After investigating the competitive aspects of the Sirius-XM merger for over a year however, the Department of Justice Antitrust Division ("DOJ") announced on March 24, 2008 that it would not oppose the merger and closed its investigation.  In doing so, the DOJ issued a lengthy closing statement explaining the reasons for its decision.  It cautioned that the decision is fact-specific and readers should not draw overly broad conclusions from it as to how the Division is likely to analyze other mergers.  The Closing Statement however, clearly reflects the Division’s intent and policy of analyzing mergers in terms of market realities rather than simplistic market share data.

The Closing Statement began by stating that the key issue is whether the XM-Sirius merger would enable the merged entity to profitably increase prices to consumers.  It then identified several reasons why that was unlikely to occur.

First, it found that XM and Sirius did not compete with each other for either existing customers or for new subscribers through the new car channel.  Existing customers are locked in to either XM or Sirius when they make their initial selection, the two systems are not interoperable, and the switching costs too great.  Virtually all new car manufacturers had negotiated long term (lasting through 2012) sole source contracts with either XM or Sirius.

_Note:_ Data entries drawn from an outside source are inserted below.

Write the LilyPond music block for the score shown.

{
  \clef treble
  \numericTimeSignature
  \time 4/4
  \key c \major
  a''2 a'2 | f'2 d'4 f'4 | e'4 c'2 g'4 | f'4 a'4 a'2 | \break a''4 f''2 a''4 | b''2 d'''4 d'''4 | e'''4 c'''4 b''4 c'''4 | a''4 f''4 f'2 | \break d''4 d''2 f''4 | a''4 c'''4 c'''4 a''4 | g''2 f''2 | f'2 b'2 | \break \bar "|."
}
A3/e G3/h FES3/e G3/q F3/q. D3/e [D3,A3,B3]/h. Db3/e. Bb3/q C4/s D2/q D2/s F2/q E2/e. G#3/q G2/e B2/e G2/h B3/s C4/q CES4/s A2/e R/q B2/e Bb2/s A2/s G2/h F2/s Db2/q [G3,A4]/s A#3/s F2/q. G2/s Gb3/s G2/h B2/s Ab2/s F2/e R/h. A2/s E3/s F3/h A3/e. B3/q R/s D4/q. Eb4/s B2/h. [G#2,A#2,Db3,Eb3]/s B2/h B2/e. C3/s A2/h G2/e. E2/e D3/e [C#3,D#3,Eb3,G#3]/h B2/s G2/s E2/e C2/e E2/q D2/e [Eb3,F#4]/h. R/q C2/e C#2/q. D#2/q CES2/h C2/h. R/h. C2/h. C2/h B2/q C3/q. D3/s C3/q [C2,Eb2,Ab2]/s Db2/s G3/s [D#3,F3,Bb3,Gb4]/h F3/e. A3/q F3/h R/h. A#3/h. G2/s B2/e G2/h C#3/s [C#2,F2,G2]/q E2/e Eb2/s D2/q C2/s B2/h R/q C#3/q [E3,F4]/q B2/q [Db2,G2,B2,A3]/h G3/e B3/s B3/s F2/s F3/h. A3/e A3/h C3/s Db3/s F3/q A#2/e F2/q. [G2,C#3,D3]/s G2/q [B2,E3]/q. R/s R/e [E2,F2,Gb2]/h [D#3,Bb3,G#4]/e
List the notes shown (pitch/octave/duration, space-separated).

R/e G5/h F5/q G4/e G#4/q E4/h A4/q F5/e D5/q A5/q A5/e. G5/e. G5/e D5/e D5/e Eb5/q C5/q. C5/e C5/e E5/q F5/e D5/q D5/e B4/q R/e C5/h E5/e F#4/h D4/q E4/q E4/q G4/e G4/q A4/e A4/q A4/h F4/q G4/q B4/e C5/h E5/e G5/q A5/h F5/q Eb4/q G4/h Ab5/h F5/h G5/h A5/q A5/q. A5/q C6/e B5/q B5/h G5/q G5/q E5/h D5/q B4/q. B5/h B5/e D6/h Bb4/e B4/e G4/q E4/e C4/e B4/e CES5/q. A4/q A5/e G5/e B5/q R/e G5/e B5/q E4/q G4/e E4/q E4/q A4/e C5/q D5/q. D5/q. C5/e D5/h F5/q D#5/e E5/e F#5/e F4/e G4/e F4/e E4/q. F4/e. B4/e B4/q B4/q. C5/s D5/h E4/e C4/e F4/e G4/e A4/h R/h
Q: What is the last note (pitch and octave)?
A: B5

Second, as to new customers who sign up for service through the mass market retail channel, the DOJ found that other sources of audio entertainment were a sufficient substitute for satellite radio if the merged entity raised prices.  These alternatives include traditional AM/FM radio, HD radio, and MP3 (iPods) players.  The DOJ expressly stated that "evidence developed in the investigation did not support defining a market limited to two satellite radio firms."

Third, the DOJ cited the likely evolution of technology as an important factor as mitigating any anticompetitive effects of the merger.  It stated new technologies, such as mobile broadband devices, would likely be competitive alternatives in the future and thus restrain any attempt by the merged entity to raise prices or otherwise engage in anticompetitive activities.

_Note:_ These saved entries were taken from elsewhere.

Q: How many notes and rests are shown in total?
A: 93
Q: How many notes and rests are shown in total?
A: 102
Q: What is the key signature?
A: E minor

Fourth, the DOJ stated the merger would result in efficiencies, such as the consolidation of development, production and distribution efforts on a single line of radios thereby eliminating duplicative costs and achieve economics of scale.  The DOJ concluded that "these efficiencies alone would be sufficient to undermine an inference of competitive harm."

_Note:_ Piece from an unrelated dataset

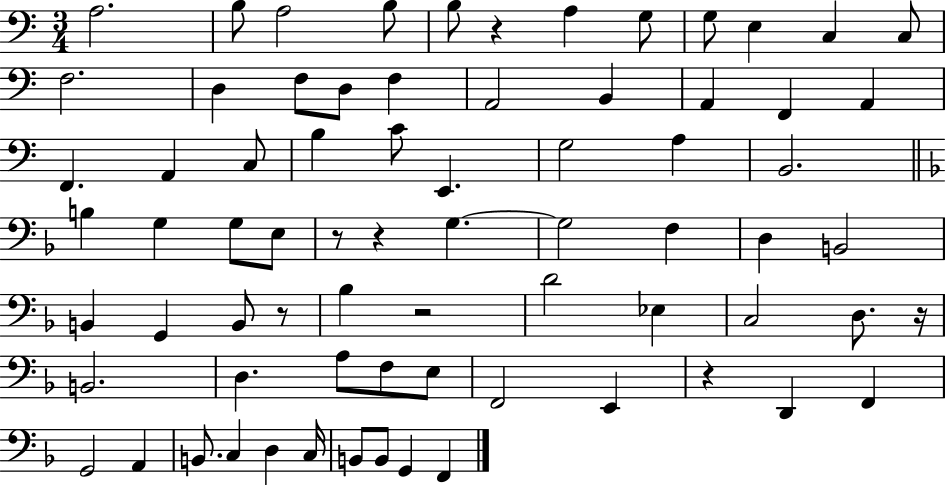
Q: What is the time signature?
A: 3/4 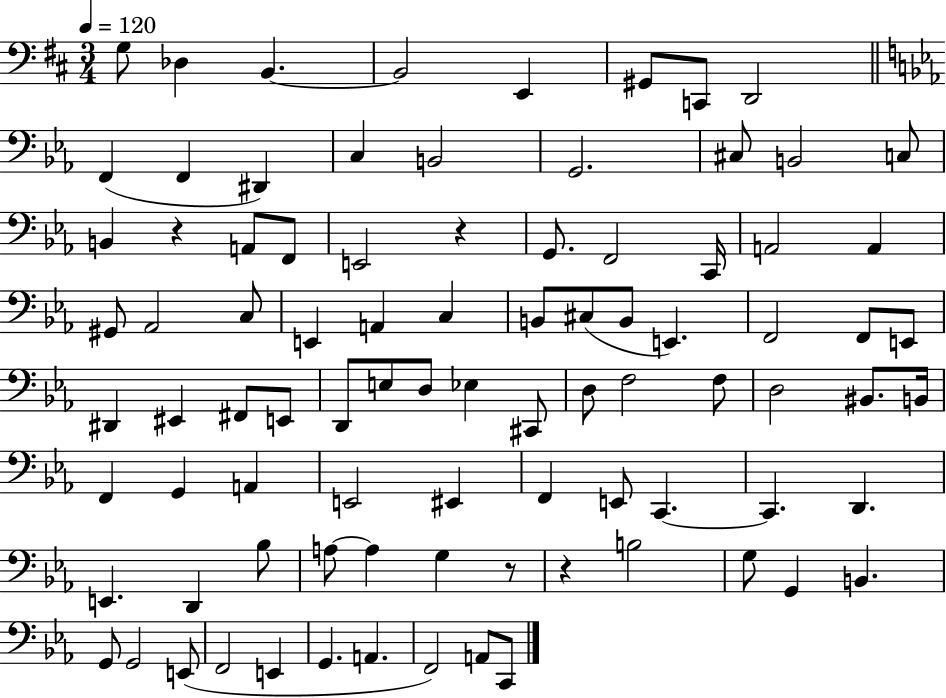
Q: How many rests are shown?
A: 4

Despite the DOJ disclaimers, the Closing Statement does provide useful guidance for future mergers.  Perhaps most important, it reflects a policy of analyzing the anti-competitive effects of a merger on a qualitative, not quantitative, basis.  It would have been simple for the DOJ to state, as have some courts and enforcers, that the unique aspects of satellite radio make it a separate market and then nix a merger between the only two companies in that market.  Instead, the DOJ focused on switching costs, long term contracts, and alternative technologies to conclude the merger would not negatively impact either old or new customers.  The Closing Statement also shows the importance of efficiencies in DOJ merger analysis even where, as here, "[i]t was not possible to estimate the magnitude of the efficiencies with precision due to the lack of evidentiary support provided by XM and Sirius."  Finally, the length of the investigation itself, over a year after the Second Request was issued (April 12, 2007) shows that the DOJ carefully evaluated the competing claims before reaching the decision to close the investigation.  All these factors, and perhaps other language in the Closing Statement, provide useful guidance on future transactions.